#### Instructions to follow:
Starting at the line that contains "It not only", copy every line through the end of the records below exactly as written, leaving out pictures.

#### Extracted material:
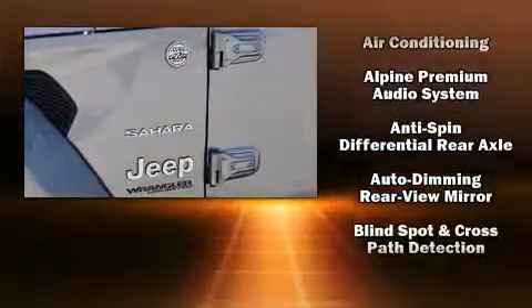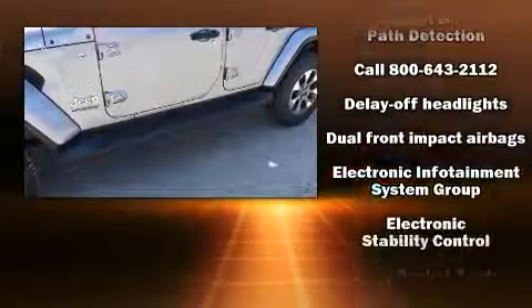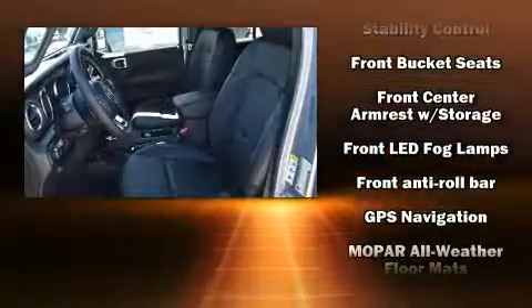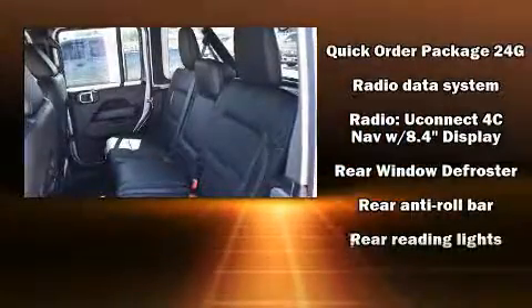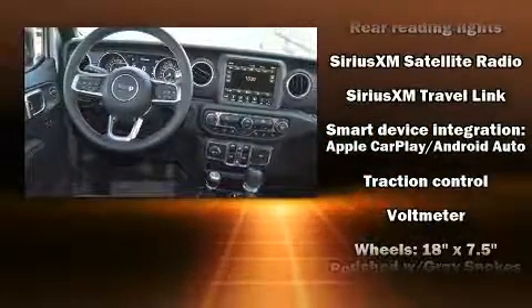Jeep ensures the safety and security of its passengers with equipment such as dual front impact airbags with occupant sensing airbag, integrated rollover protection, traction control, a security system, an emergency communication system, and four-wheel disc brakes with ABS. Brake Assist technology provides extra pressure when applying the brakes.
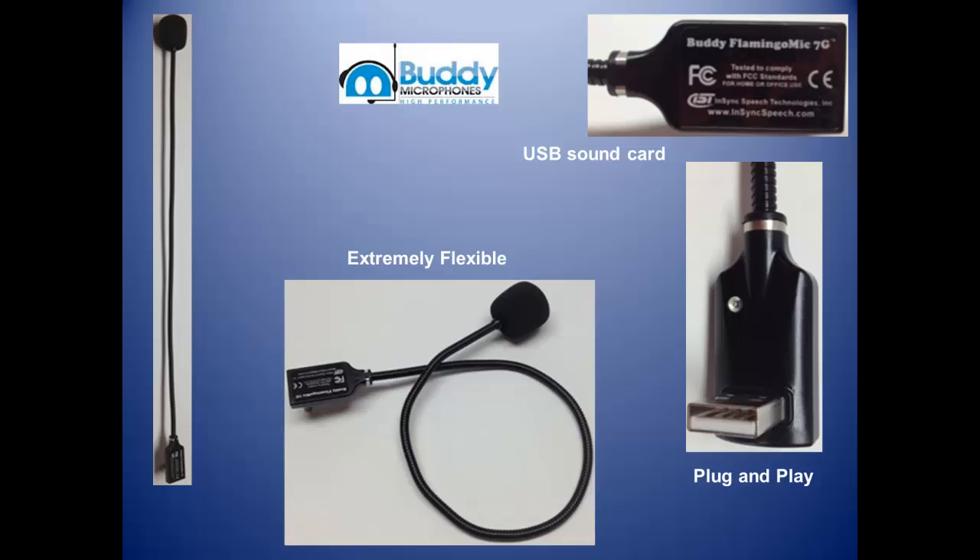It not only provides very good accuracy with speech recognition applications, it also delivers exceptional voice clarity over the internet when used with Skype, Google Talk, Google Voice, NetMeeting, Webinar, or any other VoIP software.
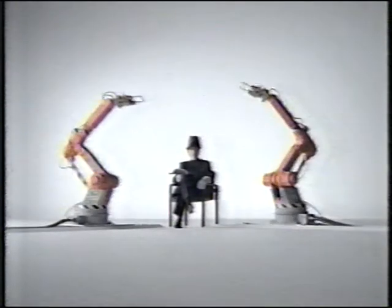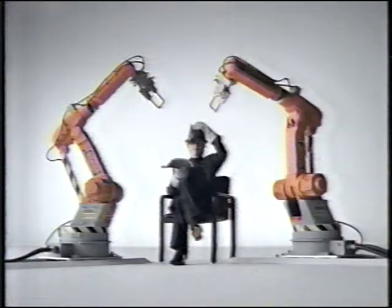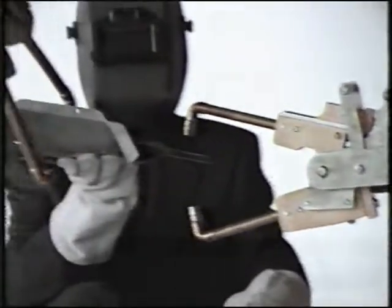Imagine I'm an Infiniti J30 under assembly. So why am I just sitting here? Because if you want an incredibly precise body, you can't roll it around while you're building it. So, instead of moving the car around, Infiniti moves around the car.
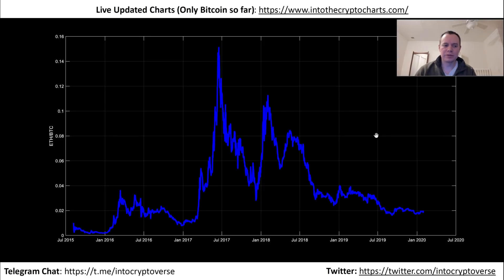Hey guys, thanks for jumping back into the cryptoverse. Today we're going to be talking about Ethereum with respect to Bitcoin — so we're looking at the ETH/Bitcoin ratio.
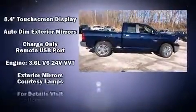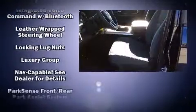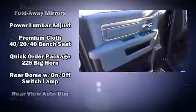Passengers are protected by various safety and security features including dual front impact airbags with occupant sensing airbag, head curtain airbags, traction control, brake assist, a security system, an emergency communication system, and four-wheel disc brakes with ABS.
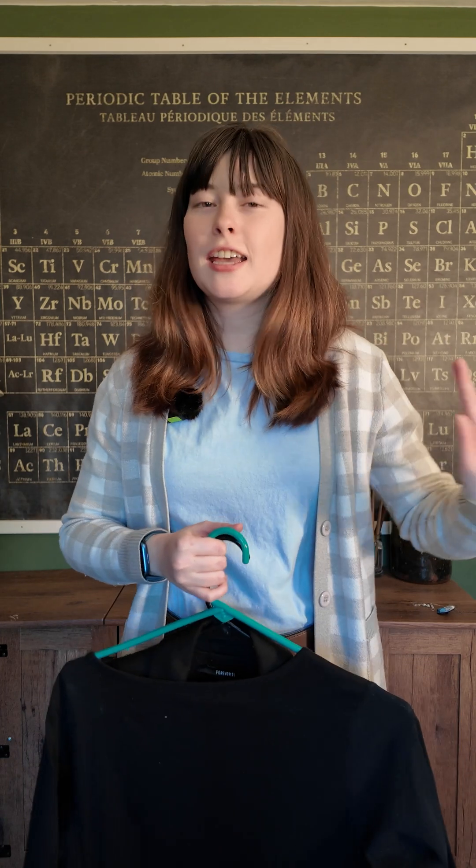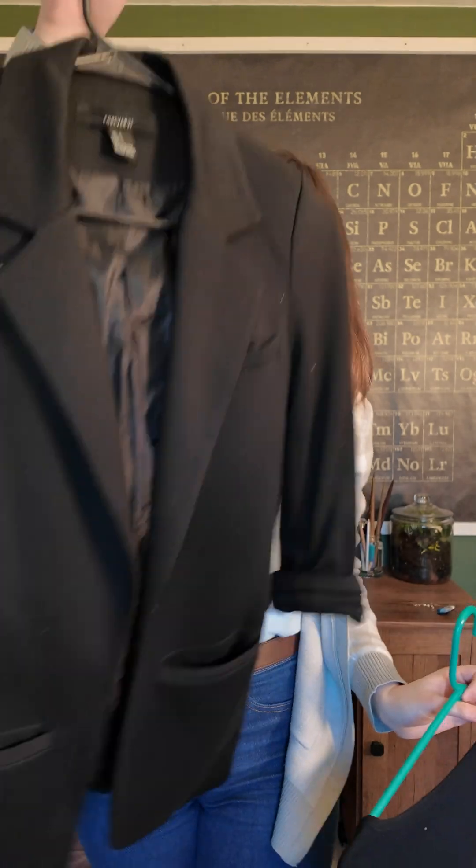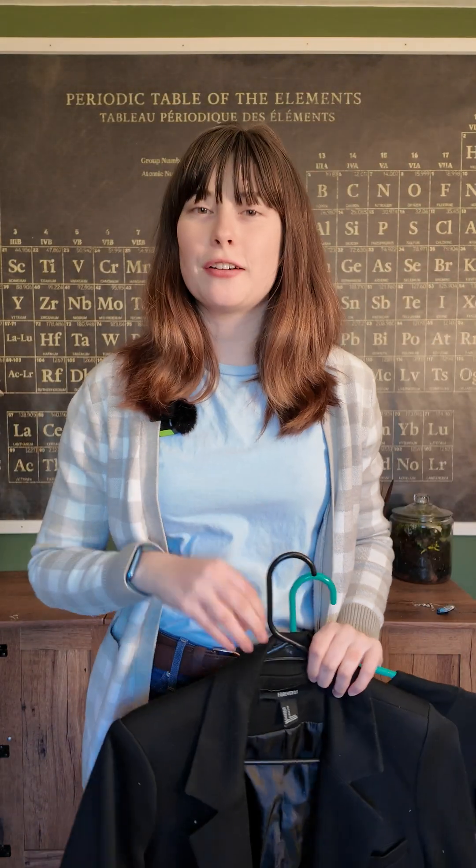Hello! First day of March, kicking off 31 Days of Women's Scientists with an outfit inspired by my favorite scientist of all times, Rosalind Franklin. I'm pairing this amazing Photograph 51 dress with a blazer. Let's see how it looks.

#### Response area:
It not only provides very good accuracy with speech recognition applications, it also delivers exceptional voice clarity over the internet when used with Skype, Google Talk, Google Voice, NetMeeting, Webinar, or any other VoIP software.
Imagine I'm an Infiniti J30 under assembly. So why am I just sitting here? Because if you want an incredibly precise body, you can't roll it around while you're building it. So, instead of moving the car around, Infiniti moves around the car.
Hey guys, thanks for jumping back into the cryptoverse. Today we're going to be talking about Ethereum with respect to Bitcoin — so we're looking at the ETH/Bitcoin ratio.
Passengers are protected by various safety and security features including dual front impact airbags with occupant sensing airbag, head curtain airbags, traction control, brake assist, a security system, an emergency communication system, and four-wheel disc brakes with ABS.
Hello! First day of March, kicking off 31 Days of Women's Scientists with an outfit inspired by my favorite scientist of all times, Rosalind Franklin. I'm pairing this amazing Photograph 51 dress with a blazer. Let's see how it looks.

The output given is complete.